Atkin, J.@mdashThis is an appeal from an order of the High Court of Judicature in Bengal affirming an order of the Court made in its original civil
jurisdiction on an application for directions made by the liquidators of the Bengal National Bank, Ltd., the respondents in this appeal. The
respondent bank was incorporated in 1907 and registered under the Indian Companies Act, 1882. On or before May 4, 1923, the respondent
bank had borrowed from the Imperial Bank of India, the appellant, hereinafter called the Imperial Bank, the sum of ten lacs with interest, and on
May 4, executed and delivered to the Imperial Bank a debenture creating a floating charge on the whole undertaking, properties, assets and
interests present and future of the respondent bank as security for the loan. On August 1,1923, a similar debenture was executed and delivered to
the Imperial Bank, creating a similar floating charge as security for a further loan of ten lacs with interest. Both documents were duly registered
pursuant to Section 109 of the Indian Companies Act, 1913. Neither document was registered under the Indian Registration Act, 1908. In both
documents the charge was to become fixed, amongst other events, on the respondent bank suspending payment. On April 28, 1927, that event
happened.
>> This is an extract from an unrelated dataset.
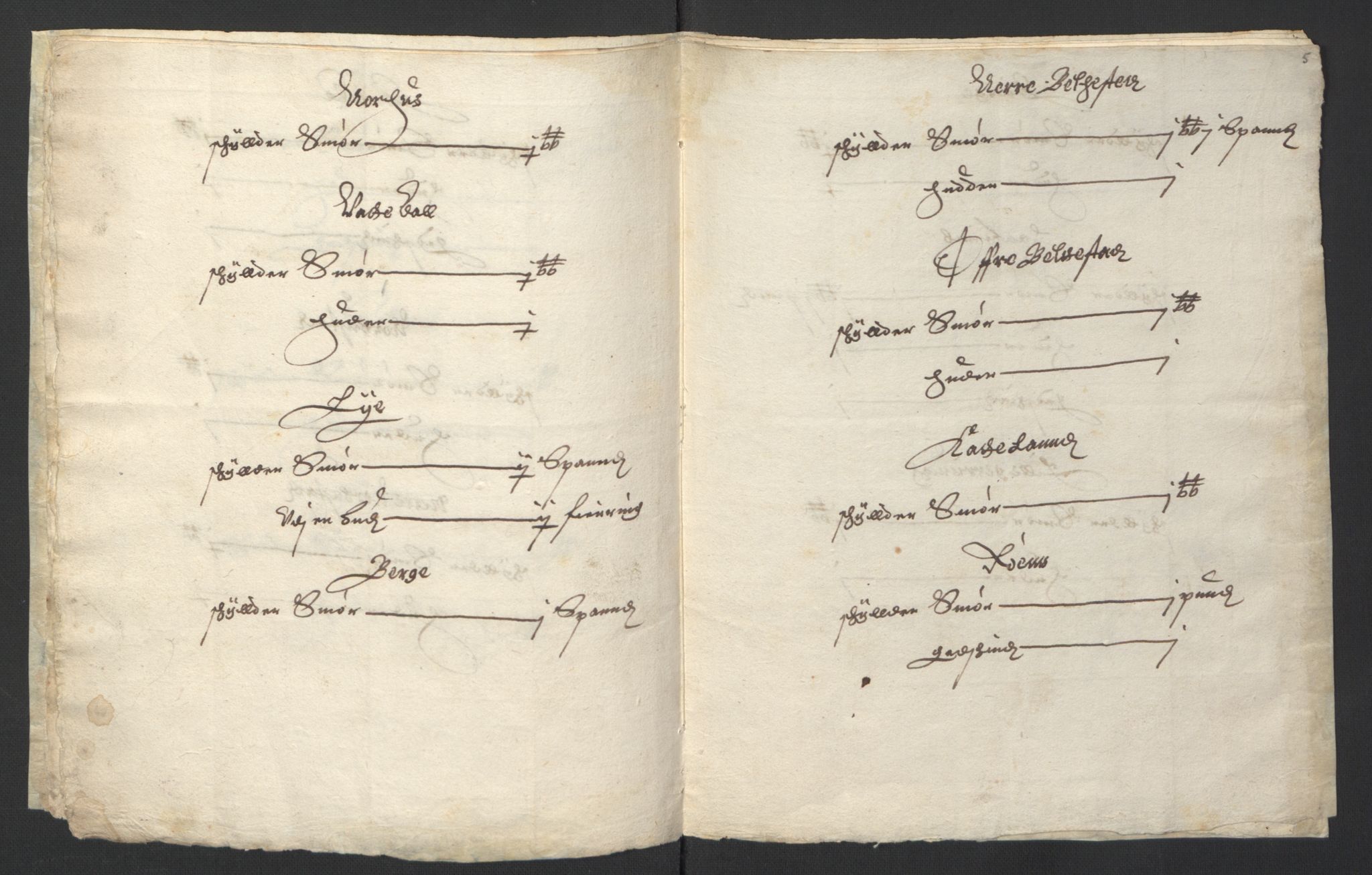 Stattholderembetet 1572-1771, AV/RA-EA-2870/Ek/L0007/0001: Jordebøker til utlikning av rosstjeneste 1624-1626: / Adelsjordebøker, 1624-1625, p. 189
On the same date the Imperial Bank, exercising a power given them by the debenture of August 1,1923, appointed three gentlemen as
receivers under the debenture. On May 20, 1927, a petition was presented for winding up the respondent bank, and on August 2, a winding up
order was made. On May 26, the Imperial Bank commenced a debenture holders'' action, and on June 1, the three receivers appointed by them
were appointed receivers by the Court. On August 9, two of the receivers, together with a third gentleman, were appointed official liquidators. On
February 10, 1928, the official liquidators presented a petition to the Court asking for directions on various matters. The question which is the
subject matter of this appeal involves a considerable sum of money and is of great importance to persons lending money to companies, and
especially to banks. It appears that the respondent bank in the ordinary course of its business lent money to customers on overdraft account on the
security of title deeds deposited by the customers, in respect of which loans at the date of the suspension of payment sums remained due to the
bank, who continued to hold the security. The question is whether the two debentures held by the Imperial Bank give them any and what interest in
the amounts due to the respondent bank from such customers and in the property comprised in the title deeds. The Imperial Bank set up the
express charge over the whole of the assets of the respondent bank. The liquidators contend that the debentures, so far as they seek to charge the
debts secured on deposit of title deeds, come within Section 17 of the Indian Registration Act, which requires registration of all non-testamentary
instruments which ""purport or operate to create, declare, assign, limit or extinguish, whether in the present or in the future, any right, title or interest
whether vested or contingent of the value pf Rs. 100 and upwards to or in any Immovable property""; and not being registered are covered by
Section 49 of the same Act, which provides that no document required by Section 17 to be registered and, in-fact, unregistered shall affect any
Immovable property comprised therein or be received as evidence of any transaction affecting such property. The result of non-registration is, as
they contend, not only to deprive the Imperial Bank of any right to the property comprised in the title deeds, but also of any right over the sums so
secured. This view has found favour with the High Court on appeal, and it is this decision which their Lordships have now to consider. It is
desirable to mention two incidental matters. In the course of its business the respondent bank had in some cases sued its customers on the
overdrafts, obtained money decrees against them, procured the property comprised in the deposited title deeds to be sold in execution, and had
itself bought the property in the execution sale. Such property obviously became part of the Immovable property of the respondent bank. In some
other cases the respondent bank had re-deposited some of the title deeds with the Imperial Bank as security for loans. No question arises as to
these, as it was eventually conceded by the liquidators that such transactions were protected by Section 59 of the Transfer of Property Act, 1882.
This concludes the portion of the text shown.